Good morning, Camden Chatters.
Well, here we are. It’s Election Day in America. Who else is feeling an overwhelming sense of anxiousness and unease? We all hope it’ll be an orderly, peaceful process tonight and perhaps there’ll be cause for celebration by night’s end, but with so many mail-in ballots needing to be tabulated and the possibility of litigation or court cases, this whole ordeal could drag out for several more days or even weeks. Anyway, cheers!
If you live in Maryland, you can register to vote at a polling place and vote today. This is also the case if you live in the District of Columbia. Elsewhere, consult the Internet. In any case, if you ARE registered to vote and you haven’t already done so, what are you waiting for?? Go, do it now! Don’t waste time reading this! (Unless you’re currently reading this while in line to vote, in which case, I retract my reprimand.)
Speaking of voting, MLB awards season is upon us, and last night the Baseball Writers Association of America announced its finalists for Most Valuable Player, Cy Young, Rookie of the Year, and Manager of the Year.
The Orioles were shut out of all categories, which wasn’t a surprise, though some O’s fans were pulling for Ryan Mountcastle to break into the top three of the ROY race. But Mountcastle played just over half the season, and his relatively late call-up presumably put him behind the three finalists, outfielders Kyle Lewis of the Mariners and Luis Robert of the White Sox and right-hander Cristian Javier of the Astros. By Baseball Reference WAR, Mountcastle’s 0.5 mark fell well short of Robert (1.6), Lewis (1.4), and Javier (1.3). On FanGraphs, Mountcastle’s 0.7 WAR is tied for 13th among AL rookies, with Lewis leading the pack at 1.7 and Robert close behind at 1.5.
The good news is that Mountcastle didn’t lose his rookie eligibility this year, so he’ll still be a candidate for Rookie of the Year in 2021, when he’ll (hopefully) have a full season to put up some big numbers.
In other awards news, tonight Rawlings will announce its 2020 Gold Glove winners. (This seems like a weird night to schedule that, but I guess it’d be a welcome reprieve if you want to avoid election coverage for a while.) The Orioles’ Anthony Santander is one of three finalists among AL right fielders, though he seems like a long shot to beat out the Rangers’ Joey Gallo. As they say, it’s an honor just to be nominated.
Have a good day, everyone. I can’t help but wonder how we’ll be feeling this time tomorrow.

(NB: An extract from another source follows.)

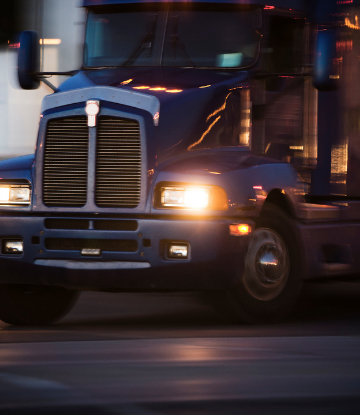 Supply Chain Scene, image of the front of an 18 wheeler truck at night 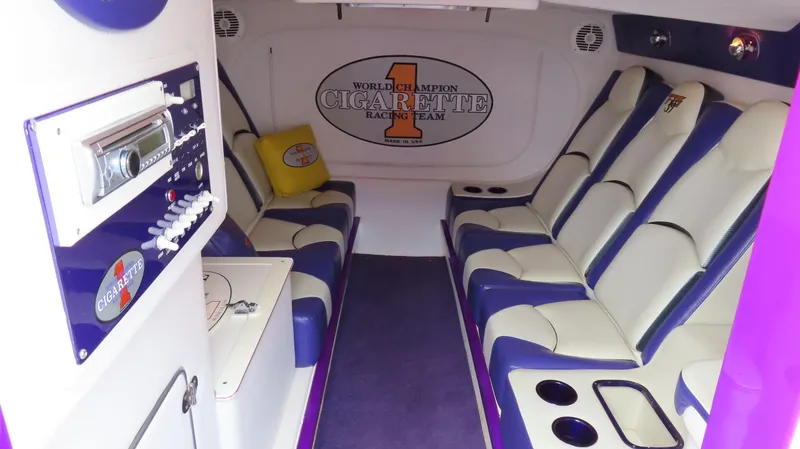 Slide: The Image of Interior of 2005 Cigarette 39' Top Gun Unlimited boat with plush seating and audio system. - 24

Elias: O’s set on ‘reviving winning baseball’ - Orioles.com
It’s apparently an annual tradition for the Orioles to be rumored to be up for sale based on little to no evidence. Mike Elias’ letter to season-ticket holders is the latest attempt to quash those whispers.
Holt and Holmes given new titles (plus other notes) - School of Roch
Elias also held a conference call with reporters yesterday and talked about a number of subjects, including Chris Holt being named the pitching coach and Darren Holmes the assistant pitching coach. Or is that assistant to the pitching coach?
Answers to your Orioles questions - BaltimoreBaseball.com
Rich Dubroff answers questions from readers, including one who thinks the Orioles should try Trey Mancini at third base and another who thinks they should try Ryan Mountcastle there. People, you can’t just put anybody you want at third base! That’s not how this works!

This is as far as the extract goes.